In 2020, the committee commissioned a research team who used clickers to record 5,500 people visiting Clarisford and its all-weather pitches near St Anne’s Community College in one week during the winter months. Mr Wood said the high level of usage has continued in recent years.
“A different demographic uses the park at different times in the day. A large number of months and fathers go for a walk at 9.30am after dropping their children to school. Older people tend to come at 11 am. Different groups are here all the time. It is a hive of activity during weekends,” he said.
“The park was designed for the winter months because we didn’t have facilities for some clubs.
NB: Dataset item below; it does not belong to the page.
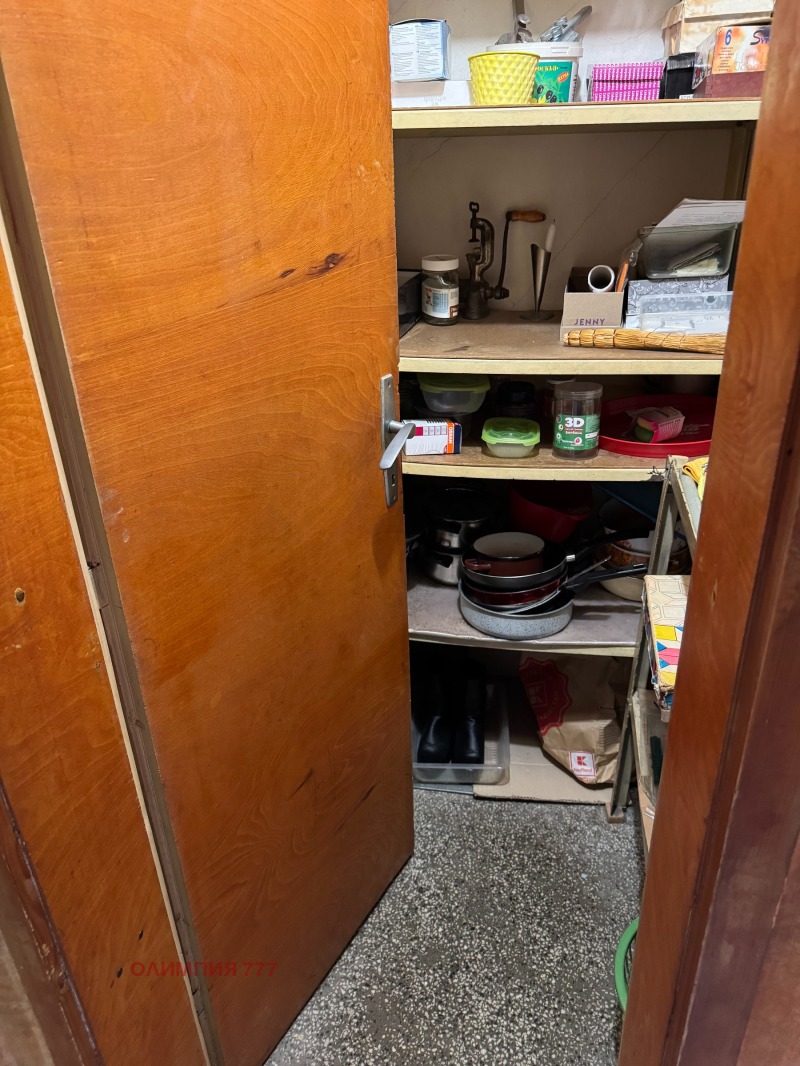 Продава  4-стаен град Плевен , 9-ти квартал , 101 кв.м | 74554420 - изображение [11]
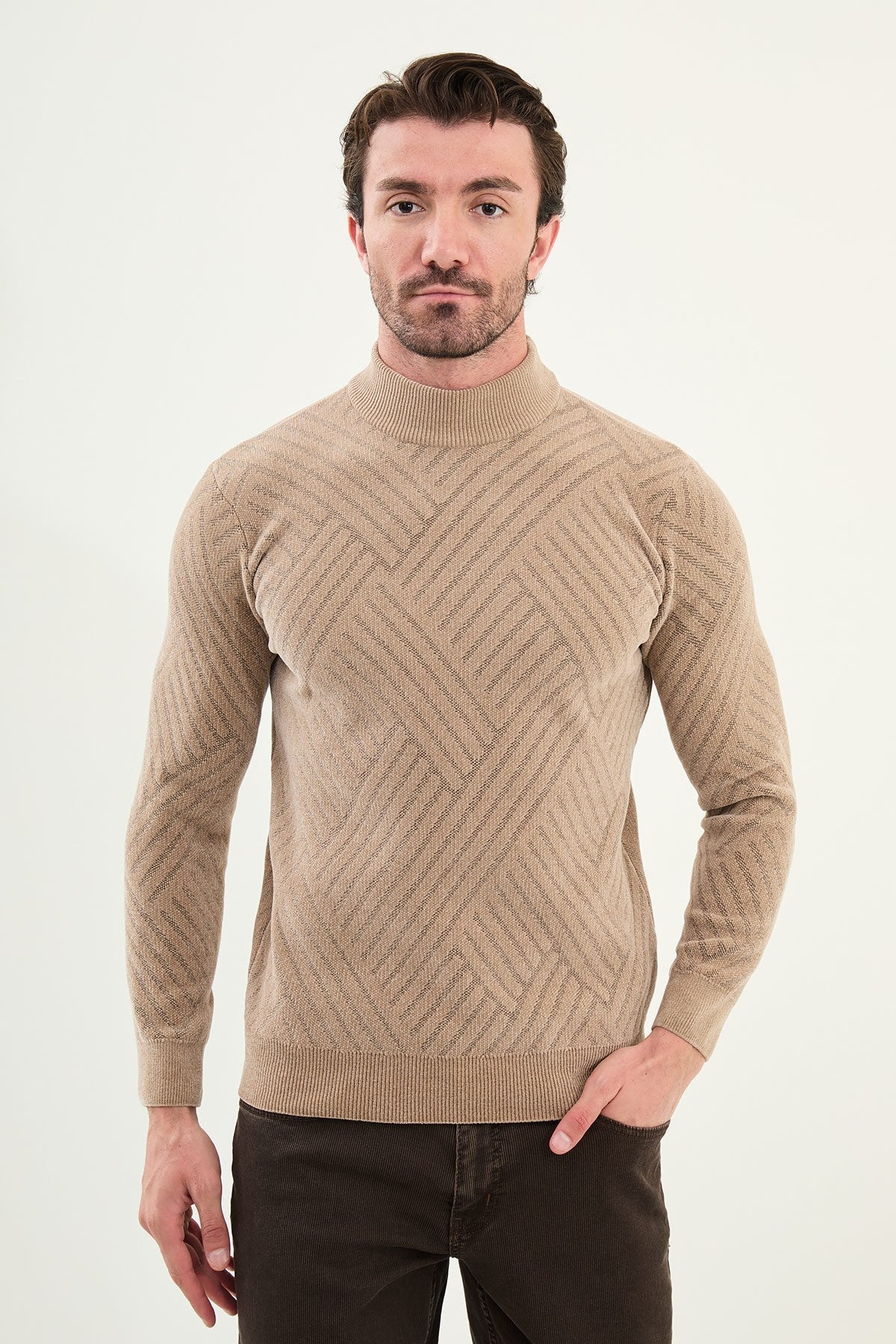 Men’s Beige Textured Slim Fit Mock Up Sweater - SUITHARBOR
“Facilities and coaching are needed to develop sports like rugby,” he said.
A few years ago, one of the park’s founding directors, Josh Lowry died. When Mr Wood looks at the trees dotted through Clarisford he thinks of his old friend Josh, a Coillte forester and great community leader.
“I am sure Josh would be smiling today,” he said.
Sarah Conroy, who lives in Killaloe, was in Clarisford with her children who are Derg AC members when Derg AC chairperson, Deirdre Coleman asked her to get involved.
Volunteering as an inclusive athletics coach for three and a half years, Ms Conroy said it was nice for other wheelchair users to see that she also uses a wheelchair during her coaching duties.
“The inclusion of Derg AC as a Special Olympics club is fantastic. It means that all children can get involved in athletics activities,” she said.
Ms Coleman said Derg AC has inclusive, paralympics and now Special Olympics, which was the culmination of about 12 months work completed by Ms Welford.
“We are one of the few clubs with these components,” she said.
“Nicola saw the opportunity, gave it 100% and now we have a Special Olympics Club.
“Inclusive athletics is growing from strength to strength. The nearest other Special Olympics Clubs are in Ennis, Shannon, Nenagh and Limerick.
“Athletics lends itself to Special Olympics, with events like throws, sprinting and jumping that suit children with special needs.”
Eoin O’Beara, Munster Regional Director for Special Olympics Ireland, said the new Killaloe Club is hugely important for the growth of SO in the region.
Young athletes can join the SO athletics’ programme and competition and training structure.
“For athletes to stay in lane, that is a skill to learn. Having the proper facilities to train helps to be able to translate this into competition and compete to the best of their ability.
“Clarisford is a fabulous facility. I am sure Derg AC will be the envy of other SO clubs.
Marie Mulcahy, Ballina, said Derg AC provides her son, Liam with an opportunity to meet friends every week and now an opportunity to compete in different venues. Lily Flanagan drives 50 minutes from Loughmore to Killaloe on Saturdays as there is no inclusive club in her locality for her son Tommy Nolan (11).
“This is my third or fourth year coming to Killaloe. It provides me with a great opportunity to meet parents of children with similar needs. Tommy loves coming here on Saturday mornings,” she said.
“If I am having a problem, I can talk to another parent and get different ideas. It is very important that a child with additional needs can meet up with their peers. It is important for parents to have the support of other parents. It might mean learning a word or two but that can mean an awful lot to parents.”
Special Olympics patron, Aongus Hegarty, who lives in Ballina, said it is great to see so many children in Clarisford Park running, jumping and enjoying themselves with fantastic facilities. Mr Hegarty, who has been involved in SO Ireland patronage committee for 10 years, attended the SO World Games in Berlin last June and Abu Dabi five years ago, is delighted to see Derg AC joining about 200 SO club across the country.
“It is great to see how successful all our Irish athletes are representing us on the world stage. It is wonderful coming to clubs when you see kids trying their best, everyone is working together on exercise and teamwork on a fantastic set of programmes,” he said.